*YOUR ASSIGNMENT*
Using the entries below, write out the line with "Early 20th Century", the line with "6506 Walnut Vine", and every line in between, exactly as each is written.

*INPUT DATA*

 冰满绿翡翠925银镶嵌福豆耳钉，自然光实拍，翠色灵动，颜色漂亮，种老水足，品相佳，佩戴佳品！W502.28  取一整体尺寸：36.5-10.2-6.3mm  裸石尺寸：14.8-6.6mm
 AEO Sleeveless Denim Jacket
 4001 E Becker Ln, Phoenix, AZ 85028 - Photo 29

==

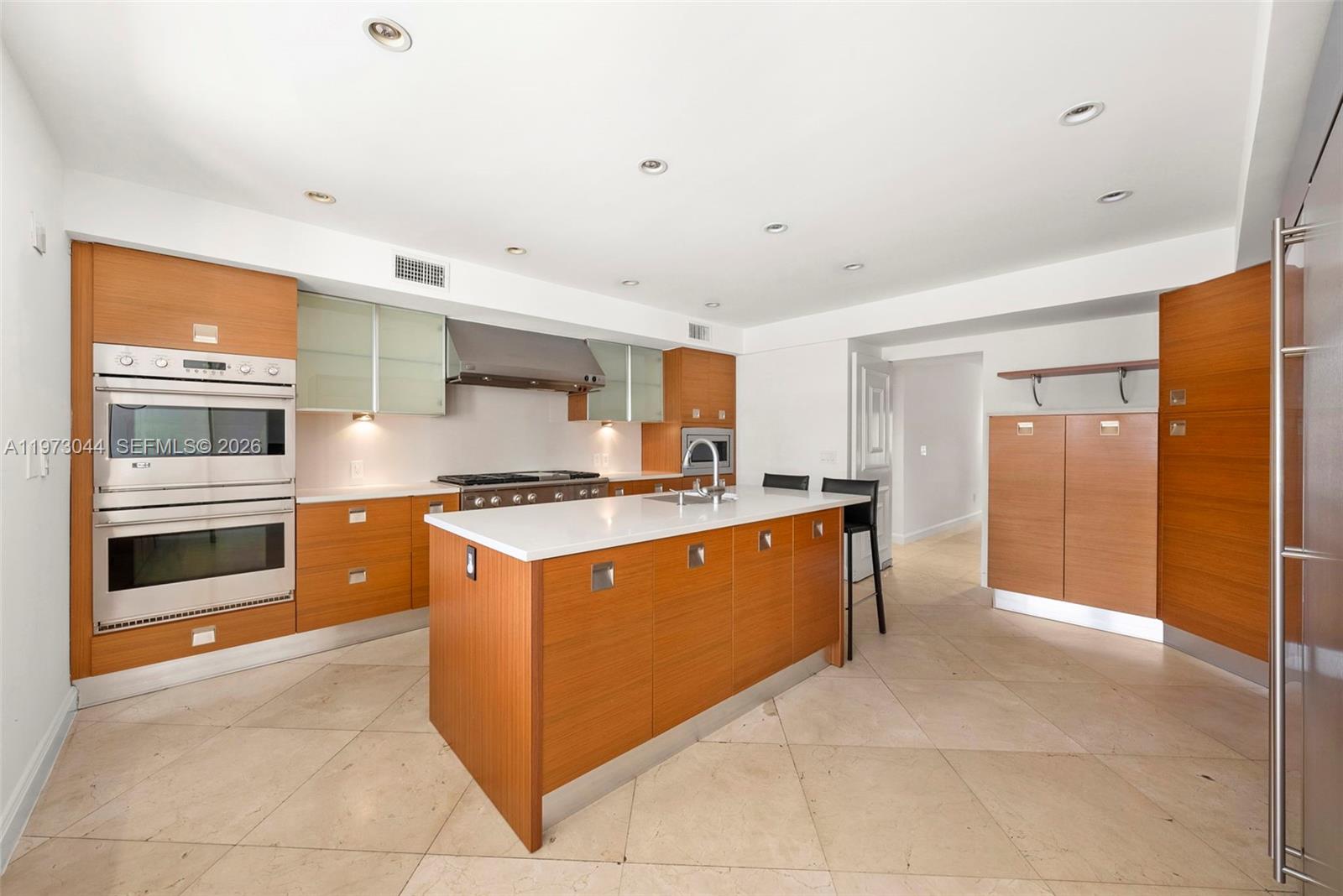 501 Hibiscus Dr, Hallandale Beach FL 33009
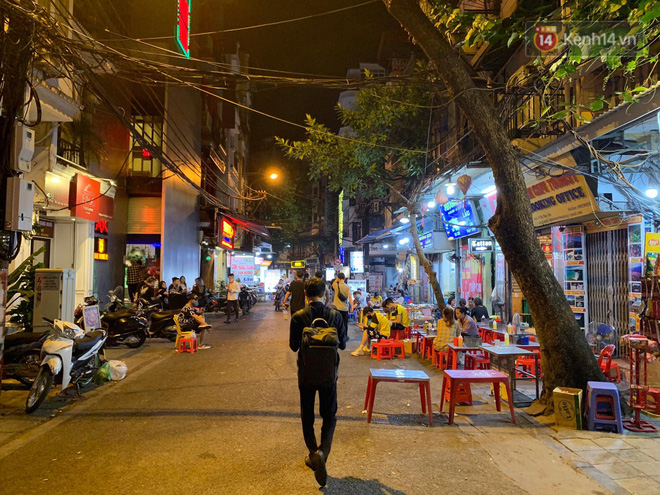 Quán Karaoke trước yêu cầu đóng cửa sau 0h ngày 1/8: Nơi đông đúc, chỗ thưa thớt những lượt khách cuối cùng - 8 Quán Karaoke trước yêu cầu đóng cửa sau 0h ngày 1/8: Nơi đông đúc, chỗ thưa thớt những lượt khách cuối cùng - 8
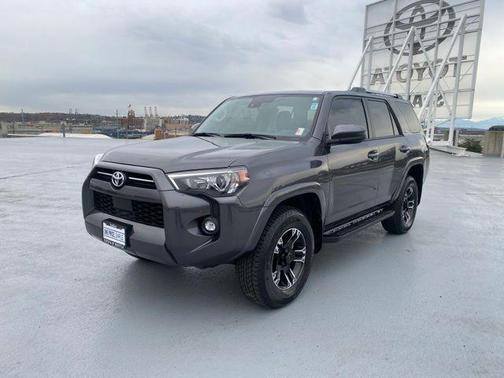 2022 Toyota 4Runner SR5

---

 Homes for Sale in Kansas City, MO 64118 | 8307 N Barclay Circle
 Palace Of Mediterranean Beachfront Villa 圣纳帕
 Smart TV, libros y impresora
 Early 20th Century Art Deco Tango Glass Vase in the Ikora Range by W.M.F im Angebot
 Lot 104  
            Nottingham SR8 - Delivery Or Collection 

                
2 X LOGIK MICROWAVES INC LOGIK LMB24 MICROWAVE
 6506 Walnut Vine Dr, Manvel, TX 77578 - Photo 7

*SOLUTION*
 Early 20th Century Art Deco Tango Glass Vase in the Ikora Range by W.M.F im Angebot
 Lot 104  
            Nottingham SR8 - Delivery Or Collection 

                
2 X LOGIK MICROWAVES INC LOGIK LMB24 MICROWAVE
 6506 Walnut Vine Dr, Manvel, TX 77578 - Photo 7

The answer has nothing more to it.